● Directions
What you return must be the lines of the data that hold the word "with".

● Data provided
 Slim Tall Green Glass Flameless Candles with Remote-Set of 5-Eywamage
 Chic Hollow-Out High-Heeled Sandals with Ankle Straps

==

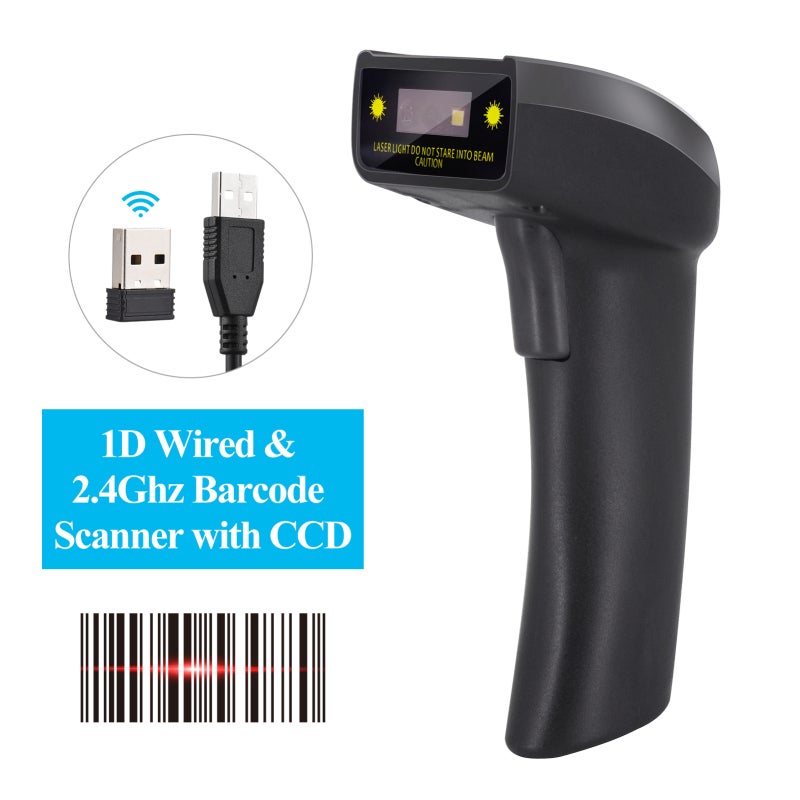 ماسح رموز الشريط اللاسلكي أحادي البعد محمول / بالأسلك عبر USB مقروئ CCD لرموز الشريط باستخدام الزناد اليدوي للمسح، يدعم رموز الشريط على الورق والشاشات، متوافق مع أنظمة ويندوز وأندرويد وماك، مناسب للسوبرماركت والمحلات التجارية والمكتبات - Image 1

--

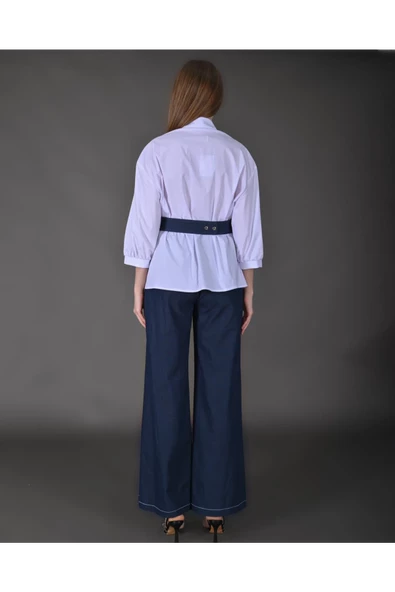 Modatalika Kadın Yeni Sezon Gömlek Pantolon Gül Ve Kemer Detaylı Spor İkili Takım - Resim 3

● Result
 Slim Tall Green Glass Flameless Candles with Remote-Set of 5-Eywamage
 Chic Hollow-Out High-Heeled Sandals with Ankle Straps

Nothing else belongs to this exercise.